Start of Block
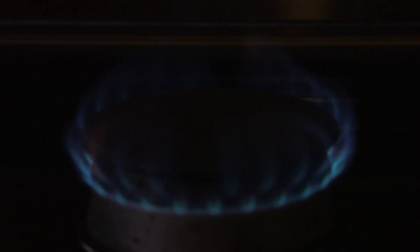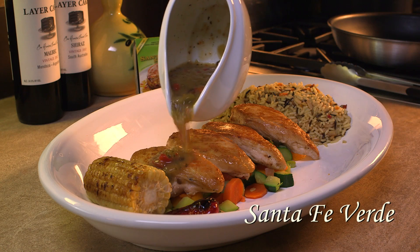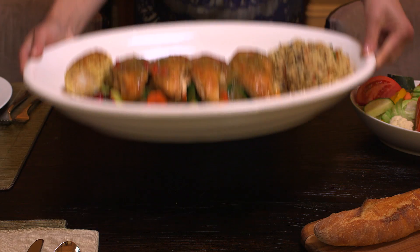My best kept secret? I use Fortune's Finishing Touch Sauces to serve a gourmet meal in minutes, and I barely have to lift a finger. Fortune's Finishing Touch Sauces are made with rich, authentic, natural ingredients for a healthy and delicious five-star quality meal in minutes.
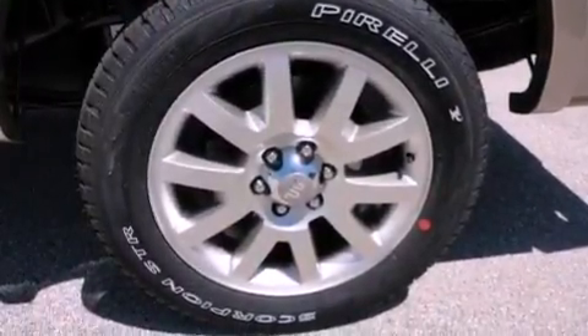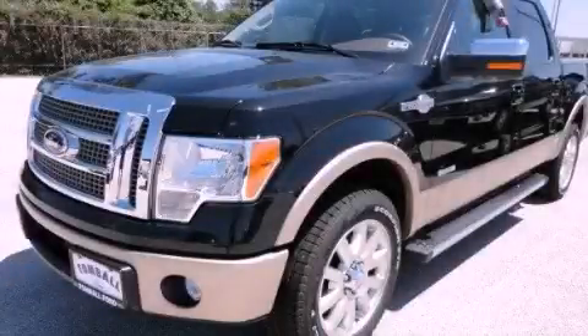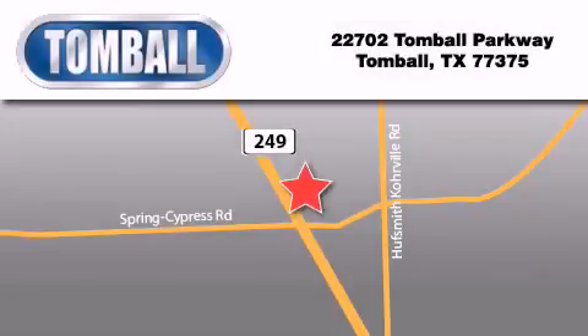This automobile won't last long at this price. Call and arrange a test drive now. Tombaugh Ford is located at 22702 Tombaugh Parkway in Tombaugh. Our goal is to exceed all of your expectations to ensure that you'll return for future visits.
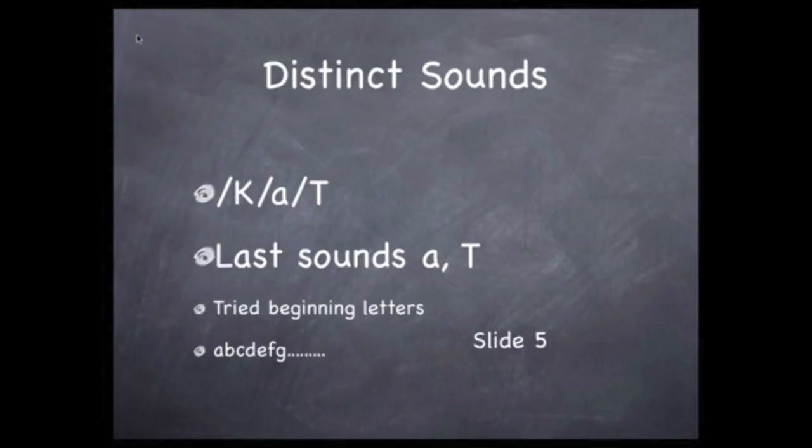The word "cat" has three distinct sounds: C-A-T. I took the last two sounds and went through the alphabet, trying each letter at the beginning as a beginning sound. And if that made a real word, then I added it to the list.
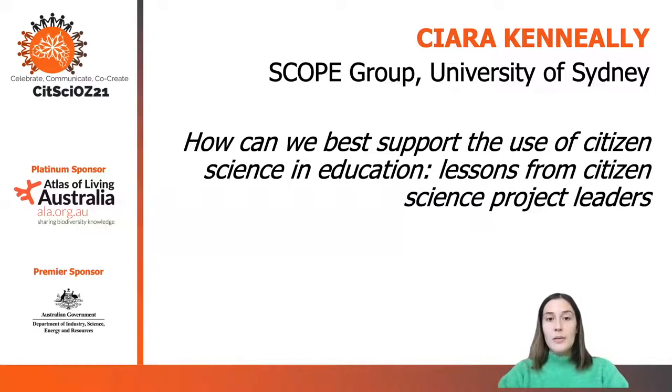Bringing citizen science into schools can be a challenge, but it can also have some great advantages. We spoke to project leaders around Australia to find out more. My name is Kyra Keneally and today I'm going to be presenting lessons from citizen science project leaders about how we can best support the use of citizen science in education.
End of Block
* [WORK ORDER]:
In the data above, find the line with "to the list." and repeat it and every line after it through the end, exactly; leave the pictures out.

* [ANSWER TO THE EXERCISE]:
The word "cat" has three distinct sounds: C-A-T. I took the last two sounds and went through the alphabet, trying each letter at the beginning as a beginning sound. And if that made a real word, then I added it to the list.
Bringing citizen science into schools can be a challenge, but it can also have some great advantages. We spoke to project leaders around Australia to find out more. My name is Kyra Keneally and today I'm going to be presenting lessons from citizen science project leaders about how we can best support the use of citizen science in education.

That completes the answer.